Since the guide was first published in 2014, we’ve interviewed a number of experts: mostly professional barbers, but also some product managers and everyday beard wearers. In 2017 we conducted new testing and interviewed a new round of experts, including:
The pros at Razor’s helped us conduct fresh testing, which we compared to our test results from hands-on barbershop tests from 2014.
On a personal note, at least three of the people who have worked on this guide for the past four years have thick beards and have owned dozens of trimmers throughout their adult lives.

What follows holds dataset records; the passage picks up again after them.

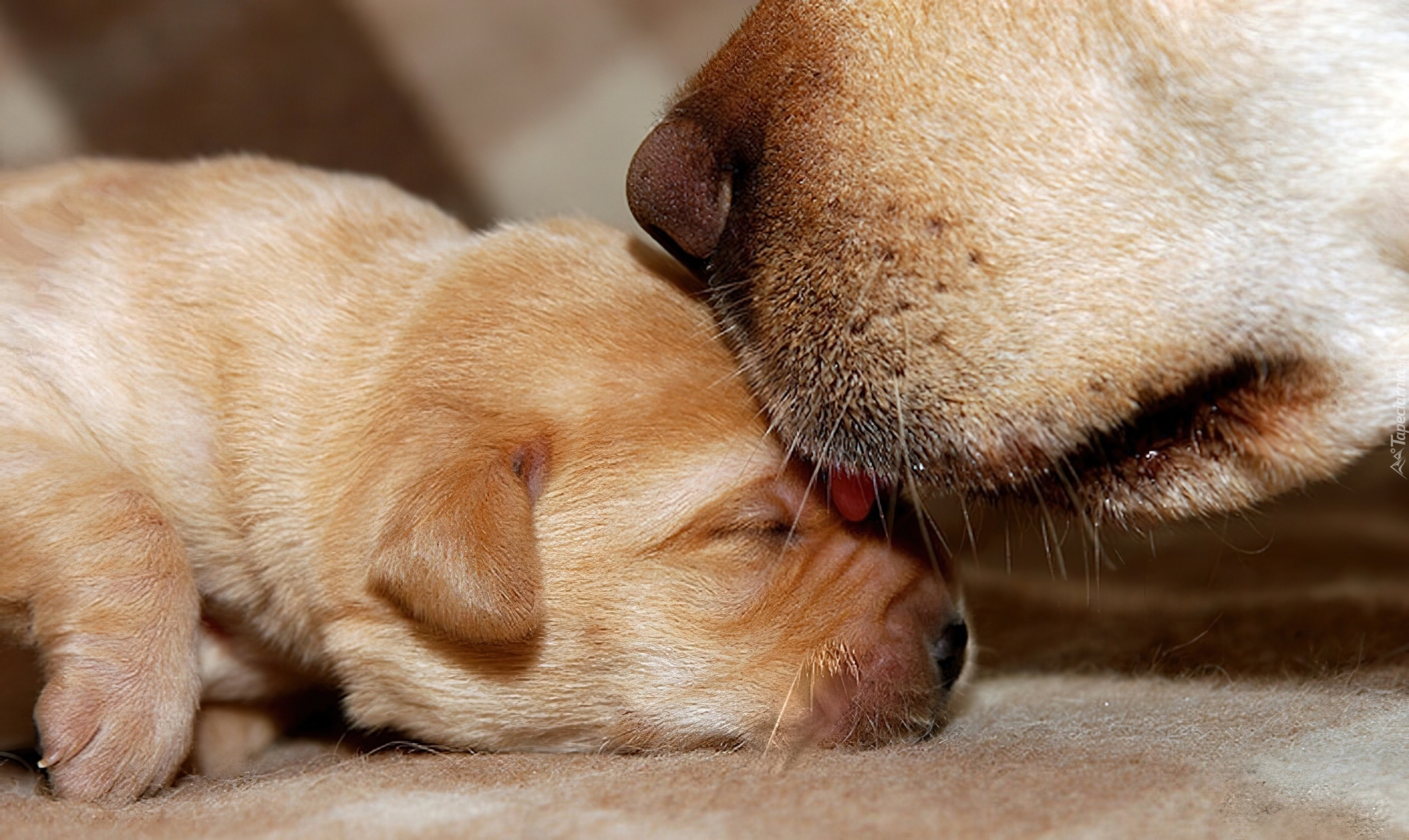 Dwa, Psy, Matka, Szczeniak, Golden Retriever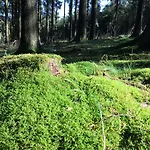 Le Voyageur Horská chata Murringen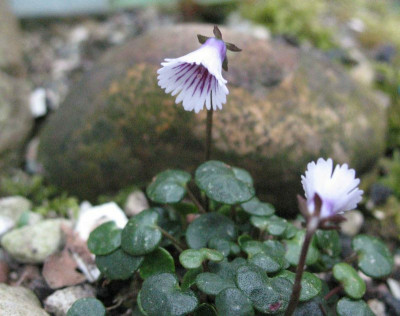Soldanella_minima_6108.jpg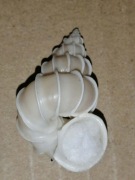 Epitonium scalare (Linnaeus, 1758)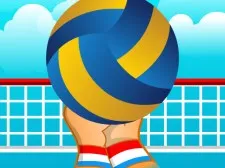 Volleyball Sport Recreation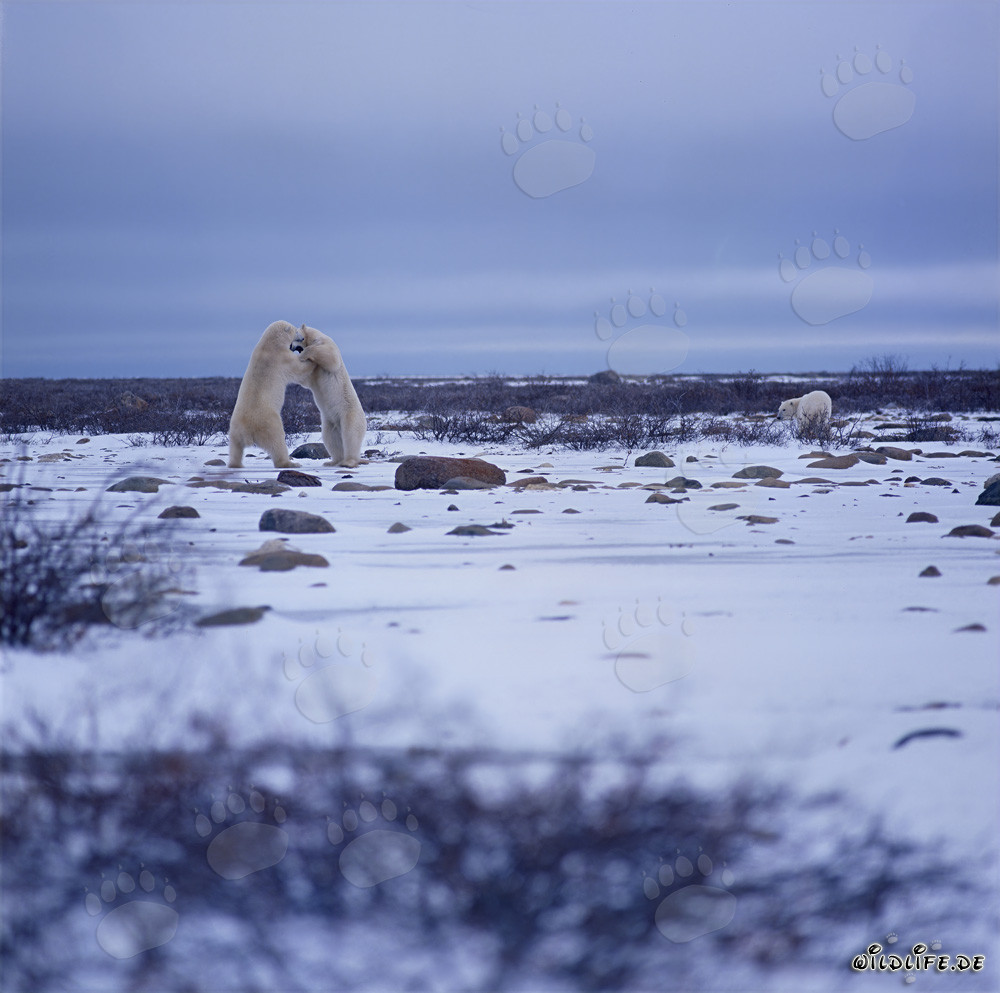 Ours polaires combattants dans l'Arctique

There are plenty of ways to shave, trim, or cut your beard. This guide focuses on corded and battery-powered beard trimmers designed to shape, angle, cut, or trim facial hair. If you’re looking for an electric razor, we have a guide for that. If you’re in the market for hair clippers, we have a guide for those, too. If you’re more old school and prefer a manual razor, we’ve got you covered.
Still, there’s a confusing array of devices designed specifically for cutting and trimming beards: those with all-in-one, adjustable guide combs, and those with clip-on guide combs; those with rechargeable batteries, and those with power cords; those with T-shaped blades for shaping and grooming, and those with precision-length combs meant for cutting hair at a uniform length. Each of these styles has its pros and cons. Our intent was to find the trimmers that could handle as many of these tasks as possible, as deftly as possible, and at a reasonable price.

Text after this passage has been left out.